DATA TO USE:
====================

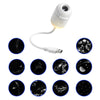 A white projector night light with an interchangeable filter, showing various starry sky patterns.
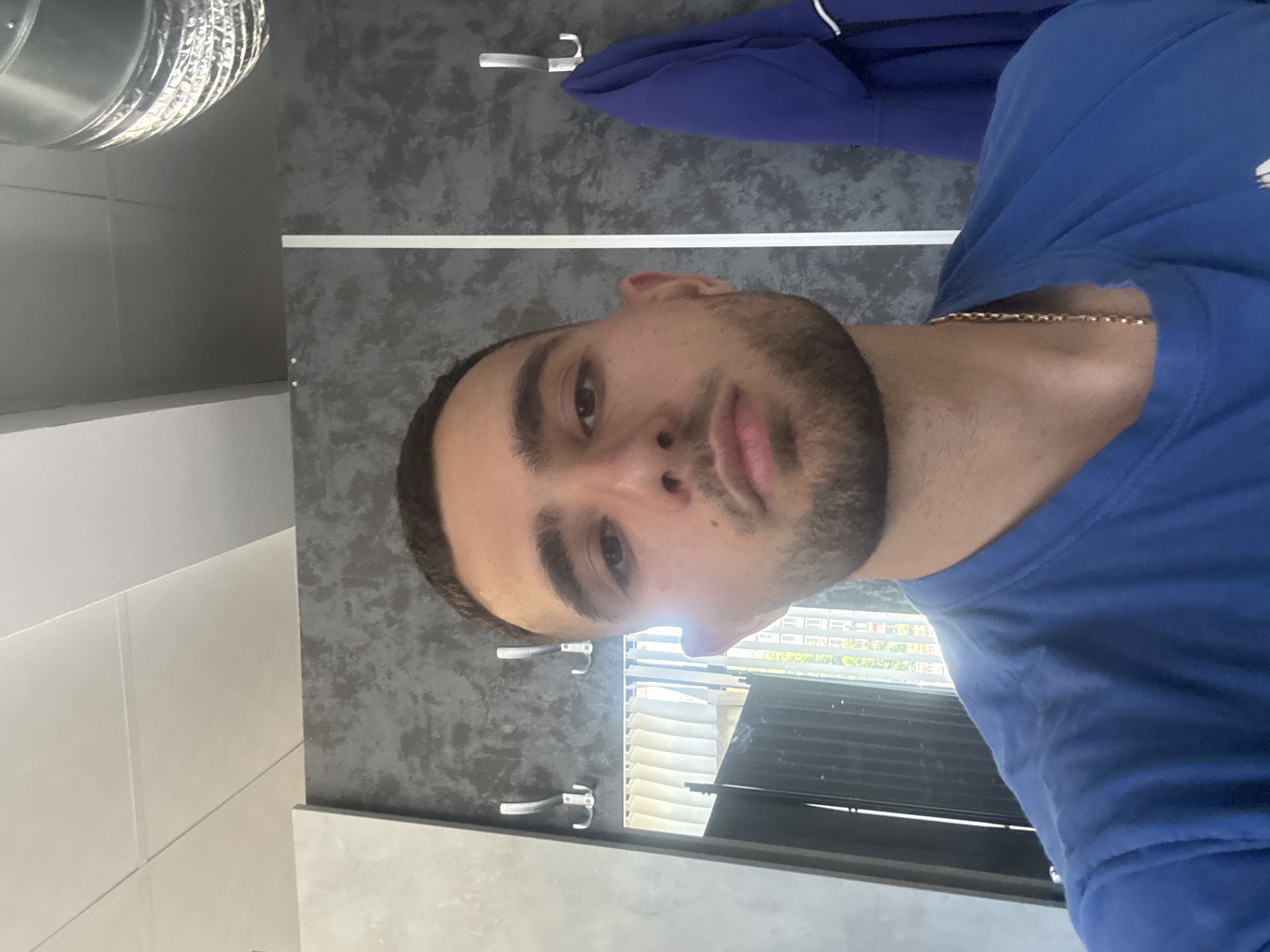 Young man documents selfie session in Gabrovo, Bulgaria
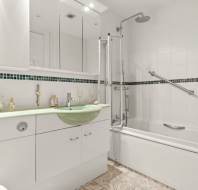 White and green tiled bathroom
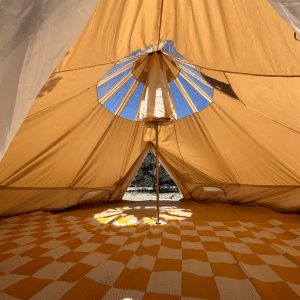 Inside view of a beige tent with a yellow checkered rug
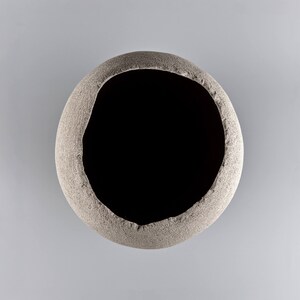 Pode incluir: Um vaso redondo de cer&acirc;mica cinza com uma superf&iacute;cie &aacute;spera e texturizada e uma grande abertura circular.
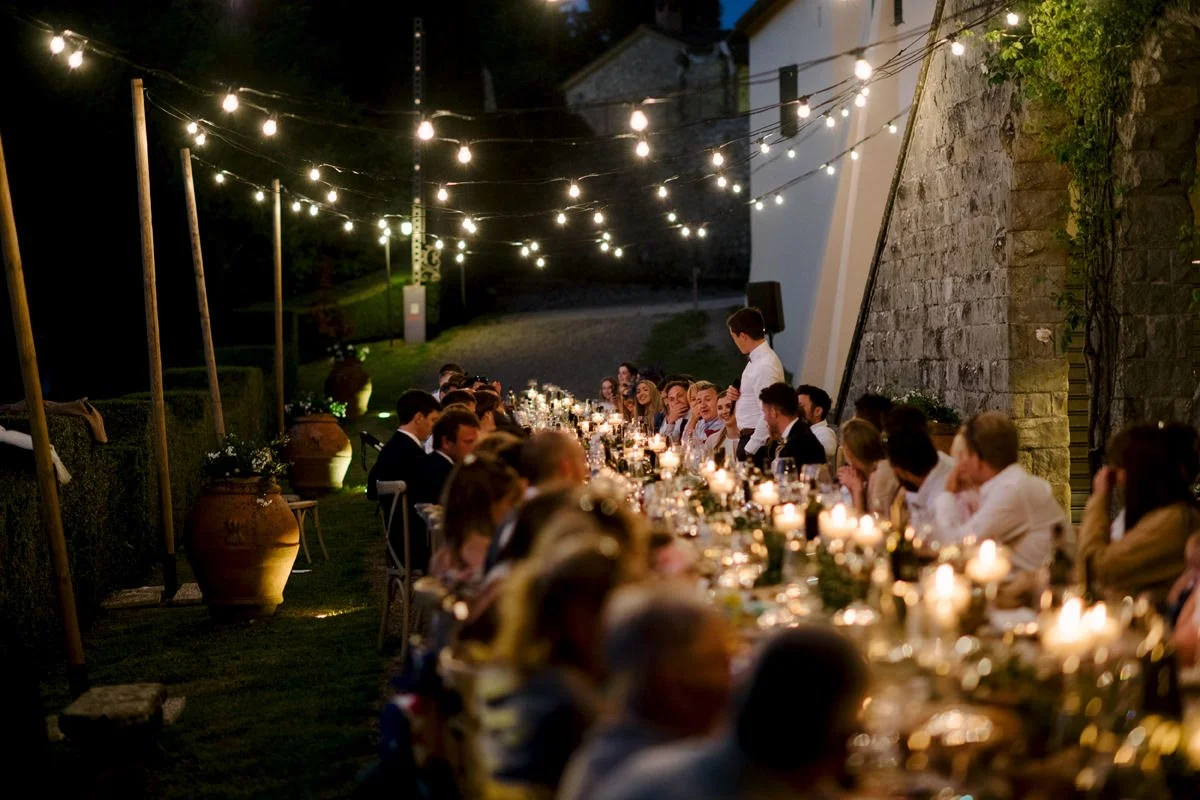 Wedding dinner at Borgo Pietrafitta with guests seated at long tables under string lights.
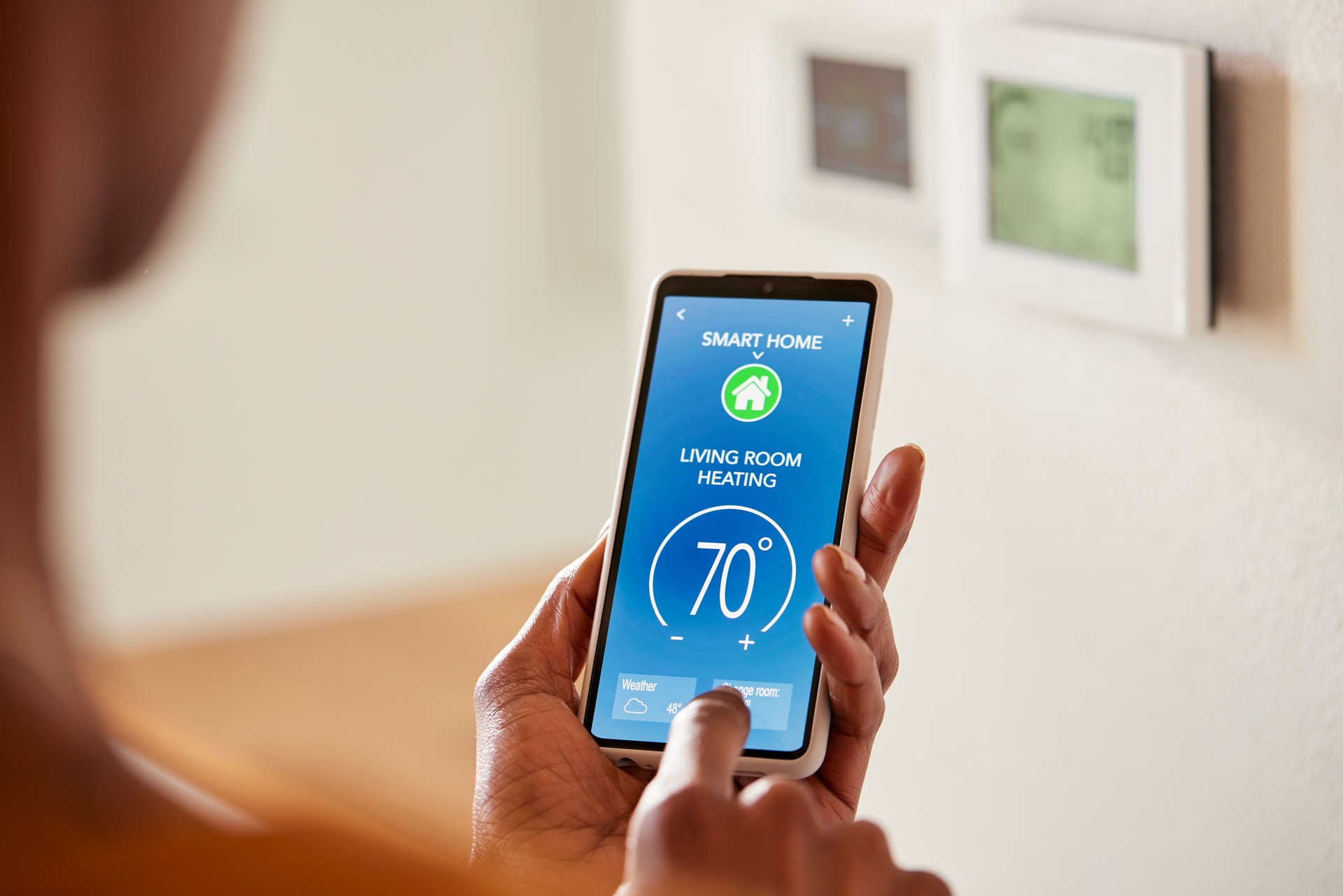 African american woman adjusting home temperature on mobile phone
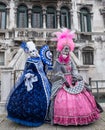 Two lovely women holding fans and wearing hand painted masks and ornate blue and pink costumes at Venice Carnival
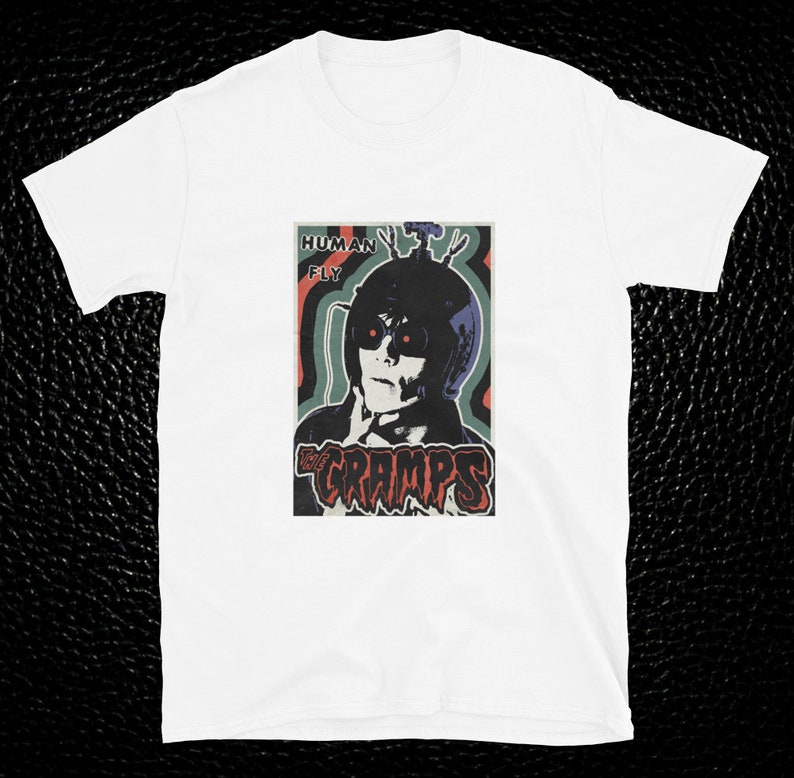 May include: White t-shirt with a vintage-style graphic of a person wearing a helmet and goggles with the text "Human Fly" and "The Cramps" printed on the front.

====================

WORK INSTRUCTION:
Only one part of the listing is wanted: the lines from the one containing "Young man documents" through the one containing "African american woman", both included. Please transcribe it exactly, leaving out the pictures.

RESPONSE TO THE TASK:
 Young man documents selfie session in Gabrovo, Bulgaria
 White and green tiled bathroom
 Inside view of a beige tent with a yellow checkered rug
 Pode incluir: Um vaso redondo de cer&acirc;mica cinza com uma superf&iacute;cie &aacute;spera e texturizada e uma grande abertura circular.
 Wedding dinner at Borgo Pietrafitta with guests seated at long tables under string lights.
 African american woman adjusting home temperature on mobile phone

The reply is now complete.